◆ EXERCISE: For the entries below, copy exactly the line that contains "AUTOSPECIALTY BRAKE ROTOR - image 1" through the line that contains "Bridgefield Close, High Lane, Stockport", both ends included, and exclude all pictures.

★ ★ ★ ★ ★ ★ ★

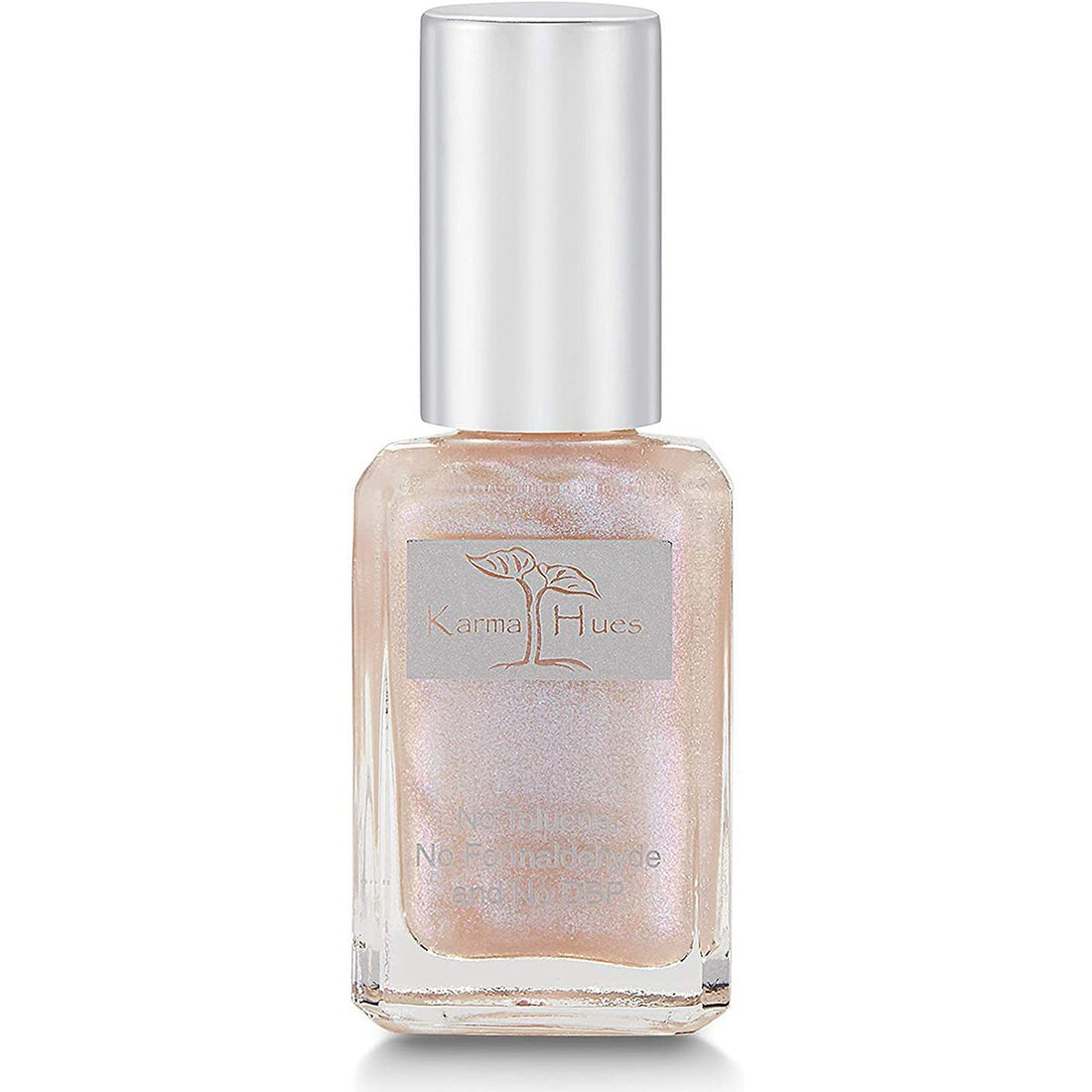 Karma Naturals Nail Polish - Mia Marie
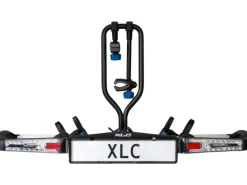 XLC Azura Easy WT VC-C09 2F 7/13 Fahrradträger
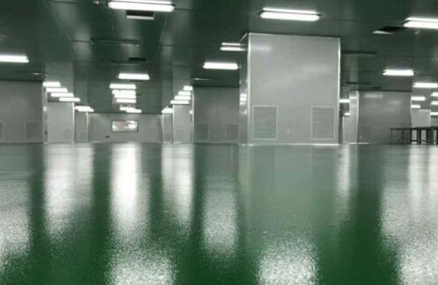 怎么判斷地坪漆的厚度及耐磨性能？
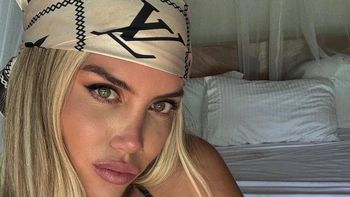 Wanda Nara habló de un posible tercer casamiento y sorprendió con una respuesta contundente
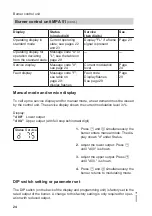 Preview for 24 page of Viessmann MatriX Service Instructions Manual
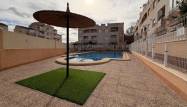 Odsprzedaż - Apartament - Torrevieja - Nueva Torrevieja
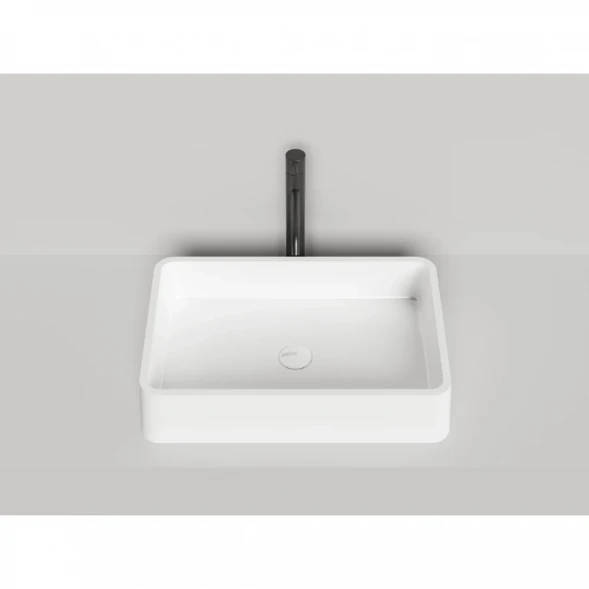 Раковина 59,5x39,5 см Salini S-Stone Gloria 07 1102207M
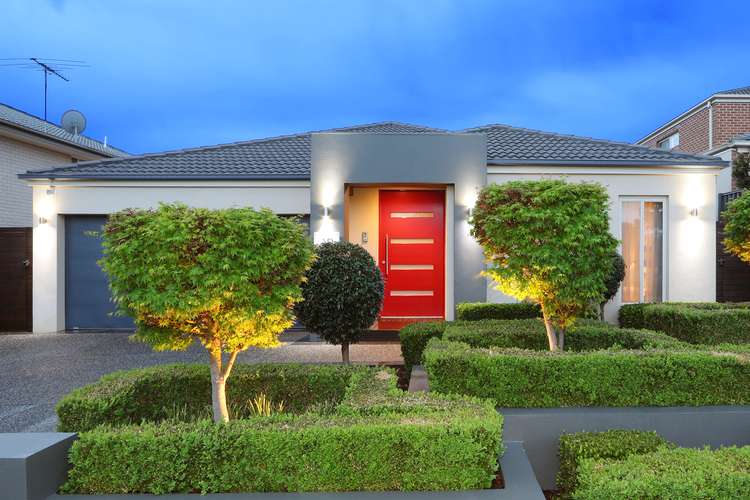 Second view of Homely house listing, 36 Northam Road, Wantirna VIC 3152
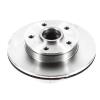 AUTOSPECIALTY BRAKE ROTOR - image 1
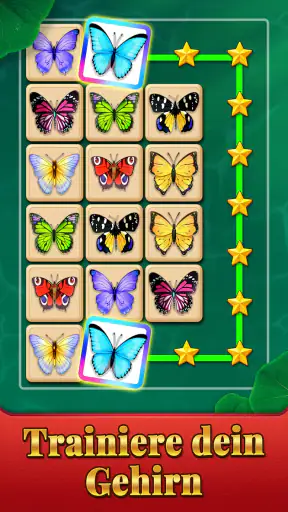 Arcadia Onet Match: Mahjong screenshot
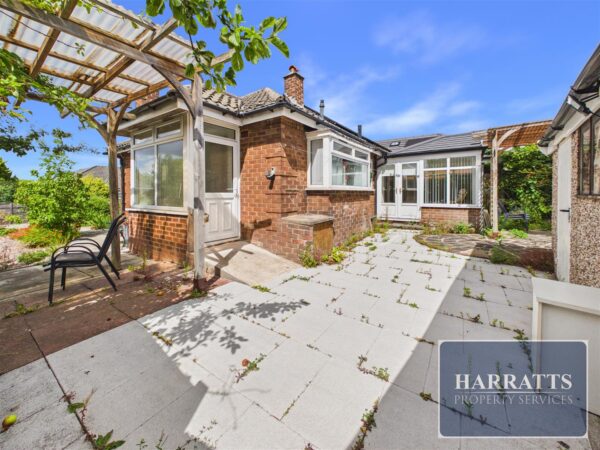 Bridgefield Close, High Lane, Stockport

★ ★ ★ ★ ★ ★ ★

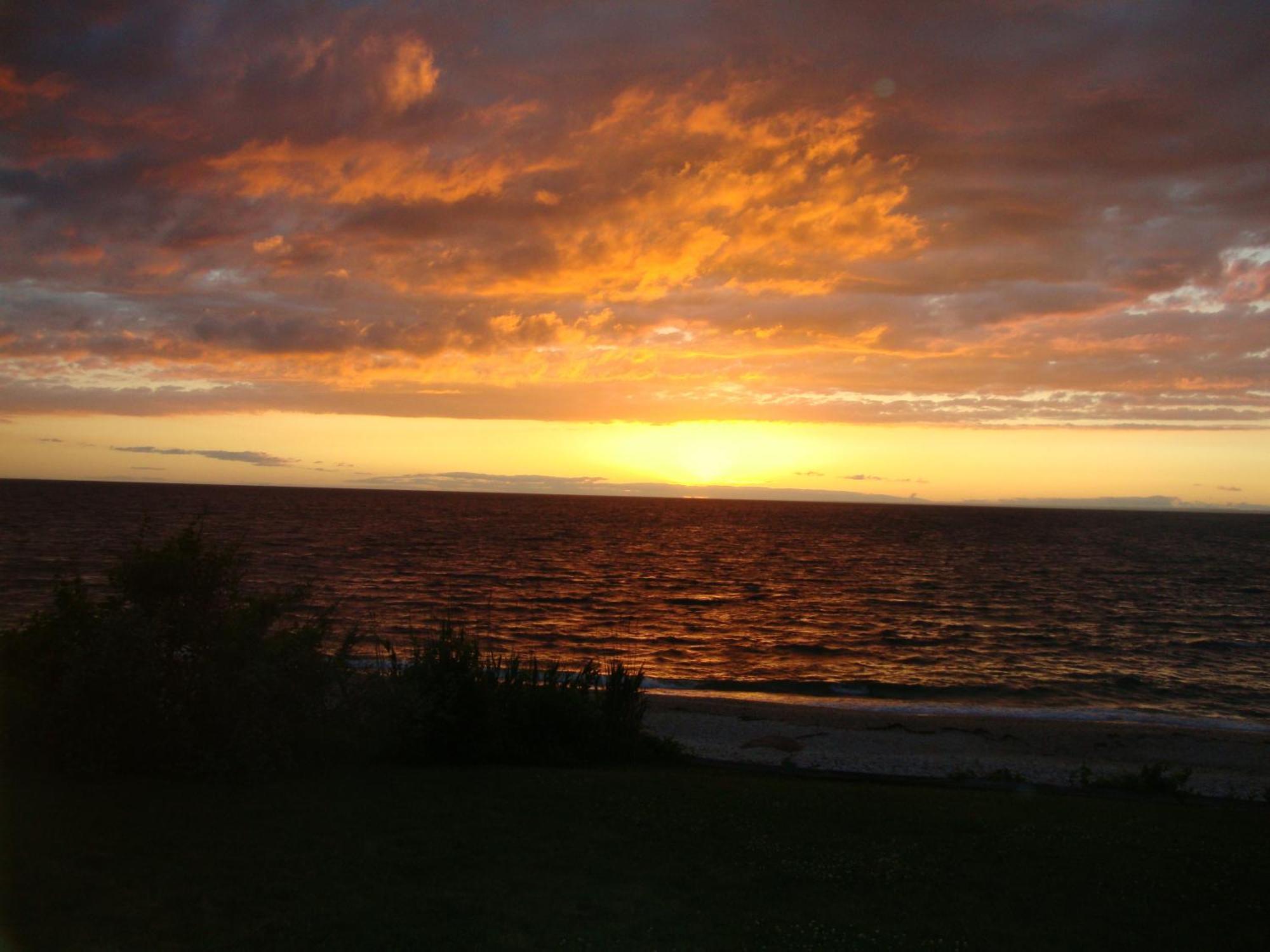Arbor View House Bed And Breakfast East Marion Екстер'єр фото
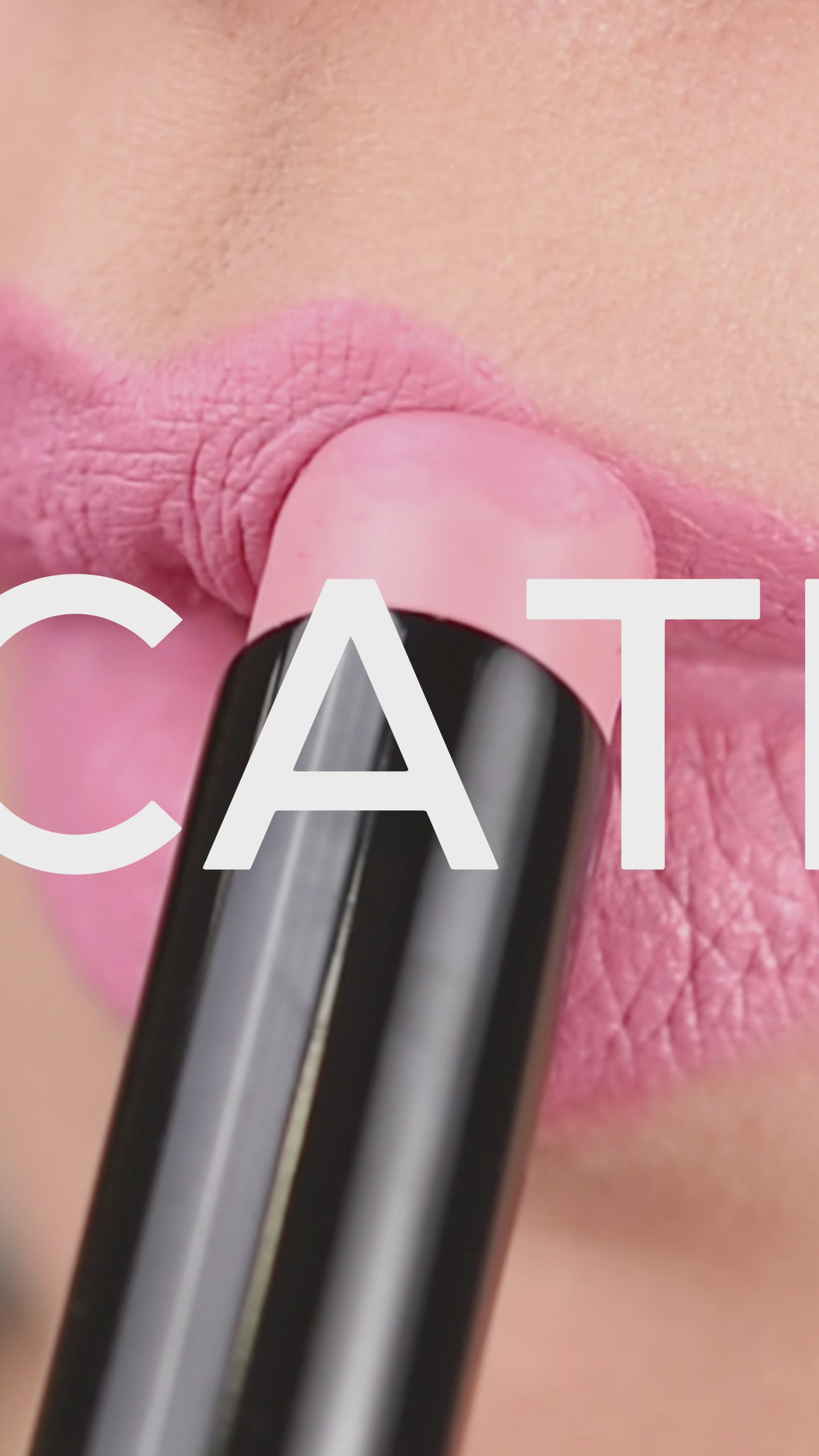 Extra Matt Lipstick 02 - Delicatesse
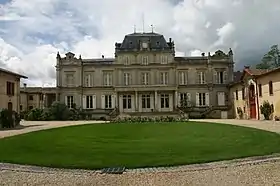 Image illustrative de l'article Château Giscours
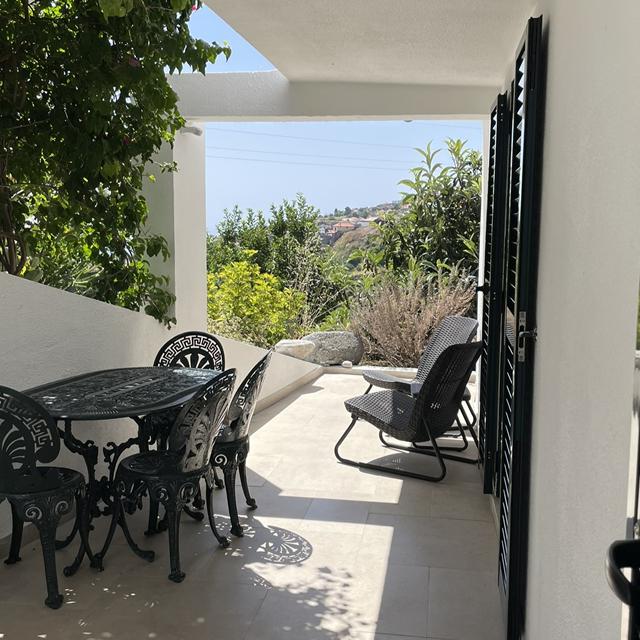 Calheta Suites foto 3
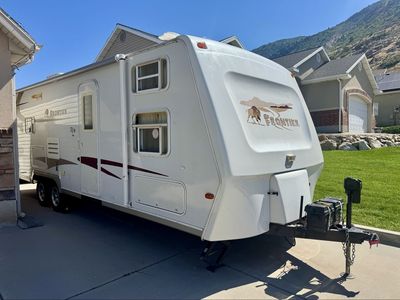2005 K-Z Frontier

★ ★ ★ ★ ★ ★ ★

◆ SOLVED PROBLEM:
 AUTOSPECIALTY BRAKE ROTOR - image 1
 Arcadia Onet Match: Mahjong screenshot
 Bridgefield Close, High Lane, Stockport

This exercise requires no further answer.